New prostitution bill criminalizes purchase of sex, limits where sex can be sold
WATCH ABOVE: Justice Minister Peter MacKay on why a new bill would criminalize the purchase of sex, and under what conditions sex workers would also be charged
TORONTO – New prostitution legislation tabled by the federal government Wednesday in response to a December Supreme Court decision will criminalize the purchase of sexual services, and the sale of sex in certain places. But many sex worker advocates believe the newly proposed law is worse for the safety of sex workers than the past provisions already struck down as unconstitutional.
“We are focusing on going after the pimps, the johns, the consumers and at the same time providing what we hope will be effective off-ramps, exit ramps from prostitution as a practice,” said justice minister Peter MacKay Wednesday afternoon.
However, MacKay said sex workers could be charged if they are selling sex in a public place where you could “reasonably expect” children to be present.
“We are criminalizing the purchase of sexual services and in very specific instances the sale or communication of services in areas where young people under the age of 18 could be present.
“So public places as defined by the Criminal Code: malls, recreation centres, neighbourhoods…where children could reasonably expected to be present,” he said.
Pivot Legal Society’s litigation director Katrina Pacey thinks the new bill is worse than Canada’s laws prior to the Bedford ruling. (The old laws deemed prostitution itself legal but made criminal almost all related activities, including keeping a brothel, living on the avails of prostitution, and street soliciting. The landmark decision upheld the sex workers’ human rights to work and health by acknowledging how those criminal provisions contributed to unsafe working conditions).
“I think the law that prohibits the purchase of sex will drive the whole industry underground, will force street-based sex workers into dark and isolated parts of our city, will make indoor sex work virtually impossible,” said the Vancouver-based sex worker advocate.
“I think the provision that criminalizes street-based sex work in any place where someone under the age of 18 may reasonably be present will mean the police have complete freedom to target street-based sex workers.”
When asked whether bodyguards or managers would be prosecuted, MacKay said the test would be whether the person is exploiting the sex worker.
“If they’re not exploiting the individual, they would not be considered criminal.”
But Pacey says this will depend on the police’s interpretation of the sex worker’s circumstances, and is both unnecessary and potentially harmful.
“There’s a real risk that it will be applied and capture all sorts of relationships that sex workers do not define as exploitative and are in fact the relationships the sex workers are seeking,” she said.
The bill also says if prostitutes who are under 18 years of age are “in the presence of one another and selling sexual services, they will be subject to arrest.” MacKay said a prostitute working at home with children could also be charged if police provide evidence that those children are being negatively affected.
The new law would also prohibit advertising for the sale of others’ sexual services online or in print.
MacKay said the government will work with provincial partners and compassionate organizations to form an exit strategy for prostitutes to leave their industry; the government will provide $20 million to aid in this process, including funding for “safe alternatives” related to housing, child support, education and skills training.
Lawyer in the Bedford case Alan Young said in a past interview if the new legislation isn’t consistent with the court decision, the government will be setting themselves up for another successful challenge.
Young said many people believed the government will propose something akin to the Nordic model, which criminalizes clients and third parties but not prostitutes.
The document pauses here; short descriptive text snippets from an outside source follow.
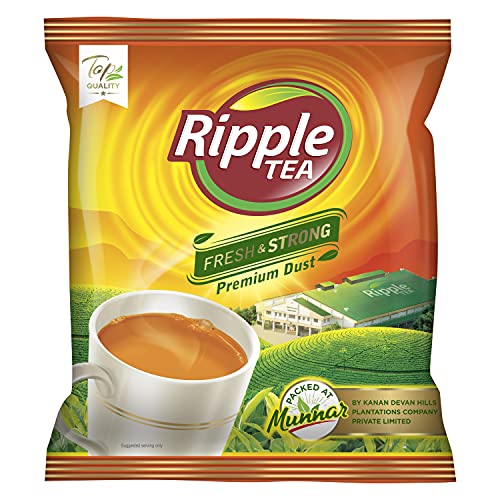 Ripple Premium Dust Tea - 500gm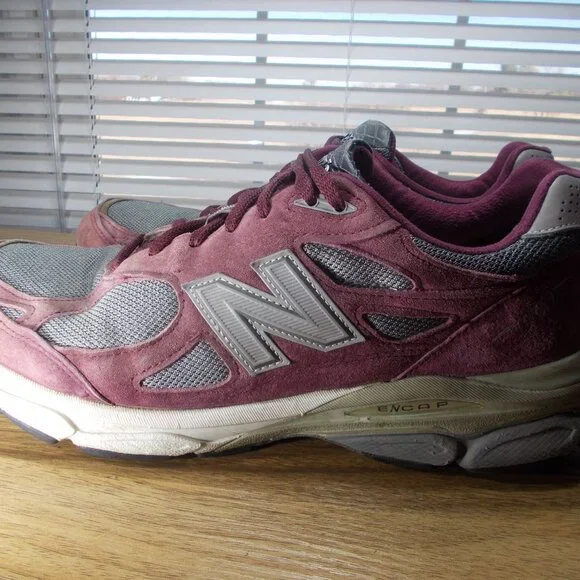 New Balance USA 990MC3 Made in USA Men's Size 12 - Picture 5 of 6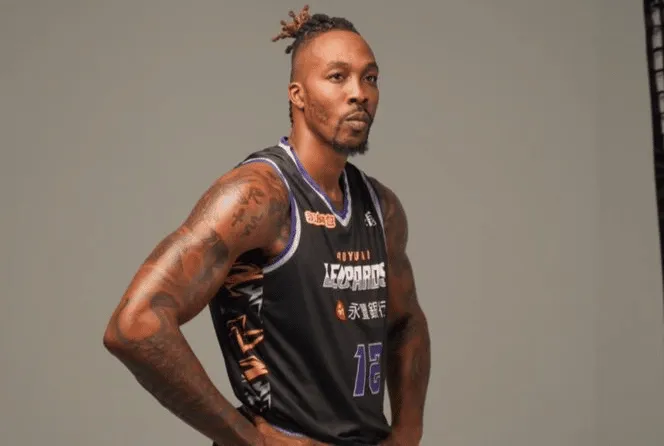 Vidéos : Taiwan aime Dwight Howard à la folie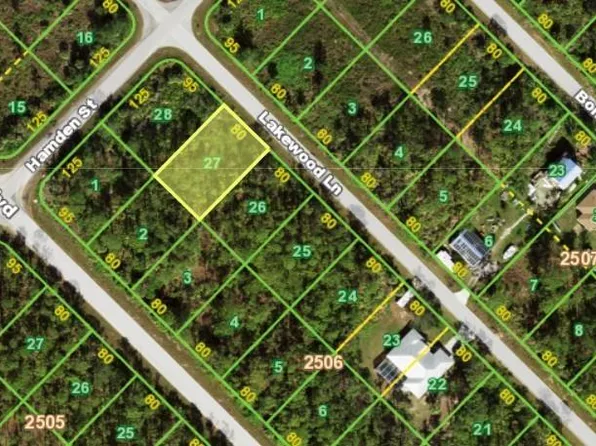 403 Lakewood Ln #27, Pt Charlotte, FL 33953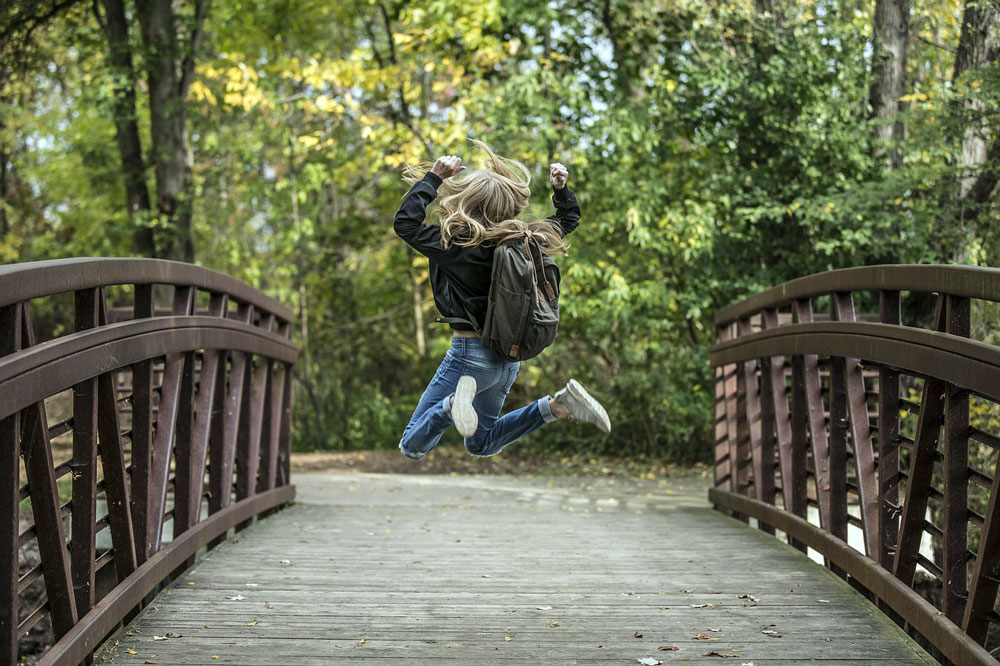 Vuelta al cole: cuidemos la espalda de nuestros pequeños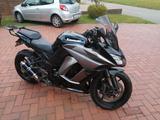 Kawasaki Z 1000 SX - KAWASAKI 2011 1000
He said that policy doesn’t address the security issue at the heart of the Bedford decision.
“Simply by attacking the johns you’re not making anything safer for the sex workers, and in fact you’re driving the trade further underground…and anything you drive further underground is less secure,” said Young in a March interview.
“So I don’t think the Nordic model would pass constitutional muster so I don’t see it on the table, quite frankly, but it’s a weird government so it’s hard to know.”
Pacey said the law proposed Wednesday directly contravenes the Bedford decision.
“I think drafting legislation that looks so much like what was just struck down…I think it’s unlikely they don’t expect it to go back to court.”